Another aspect of Anime Expo I really enjoyed was how well-organized and controlled the whole convention was. Having tens of thousands of people can be a nightmare but staffs of Anime Expo really made sure everyone behaved accordingly. Though anime conventions serve as places to have fun and expand the horizon with everything to do with this fandom, people shouldn’t act without responsibilities. Enforcing the no glomping policy is something I highly approve of. Up to this day, I still don’t understand the full concept of glomping and tackling the living air out of someone else. Is it an indication of “fun” or an inconsiderate act which could lead to serious injury from carelessness? Either way, I believe the safety of individuals come first and Anime Expo responsibly took convention goers’ well-being under their wings. Another aspect of Anime Expo which surprised me was the efficiency of line movement. I’ve heard stories that the lines for registration and exhibit halls could be painful and hectic. However upon asking a few people throughout the busiest days, people were able to obtain their badges in less than an hour. From personal experience, the exhibit hall line which snaked around twice on Thursday took me only 20-30 minutes before I made it through. On Friday it was even faster. Talking with one of the line-control staff, I was told this was one of the best years in being both efficient and organized. Good job to the hard working staffs. Keep it up.

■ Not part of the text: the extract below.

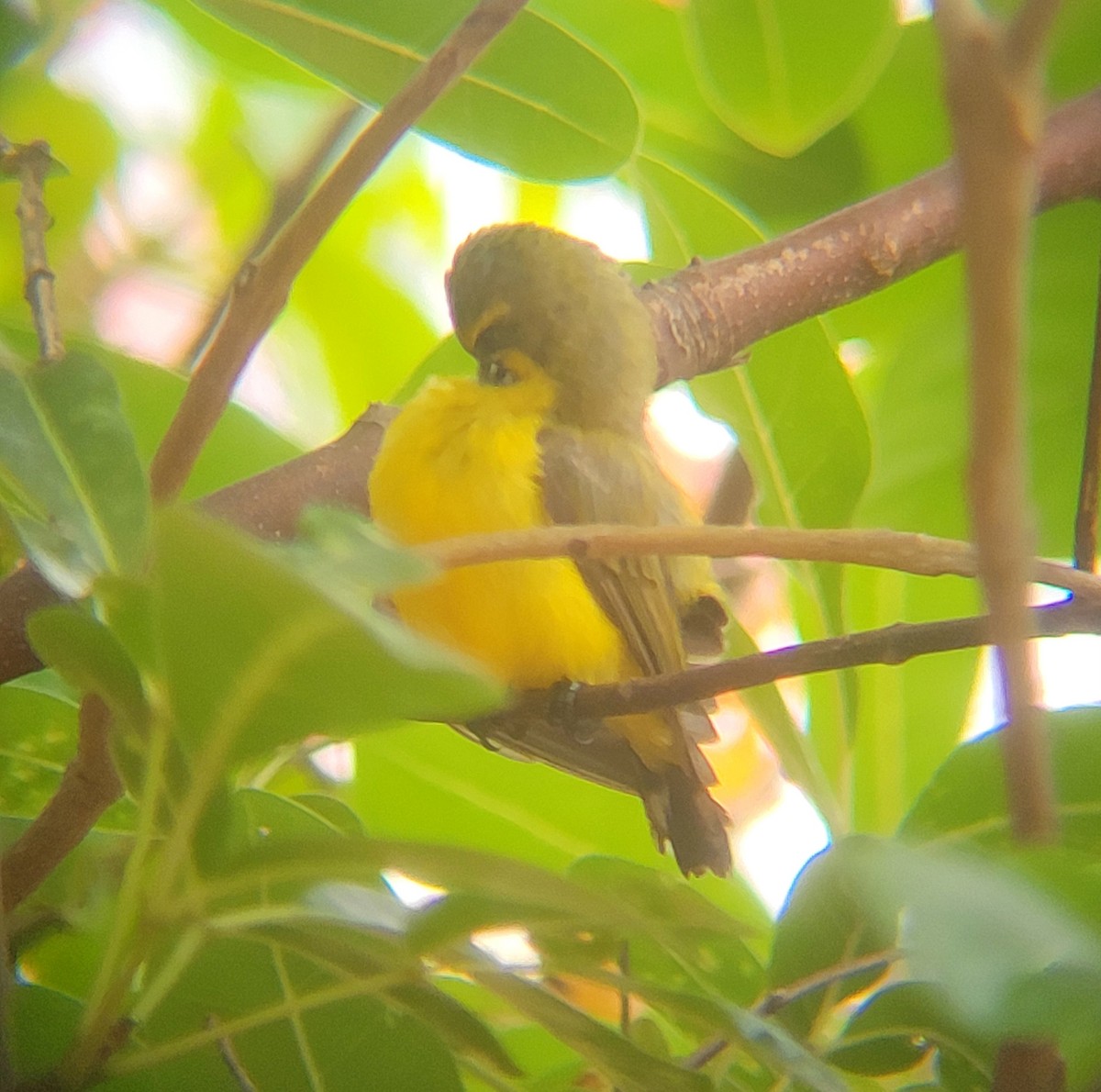Sahul Sunbird - ML632237673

This year, it was only the beginning of a different path for me, a new door that I opened. It was worth it and I would do it again.... the long hours on the plane ride across the country and the drive down Highway 5 in blistering triple digit heat. I could imagine myself inching closer to the heart of Los Angeles, passing Hollywood as I go. Through downtown Los Angeles and finally near the convention center, I would once again see the bright looks of future anime fans I imagine for many convention generations to come, staying true with passion and respect for this sub-culture. Along side as an ally is Anime Expo, extending its arms to those fans with full dedication and upholding its position as the number one society for the promotion of Japanese animation. It was a pleasure to be invited as both a guest and a fan and I truly believe Anime Expo will continue to shine brighter and brighter. Until Anime Expo 2010, adios amigos!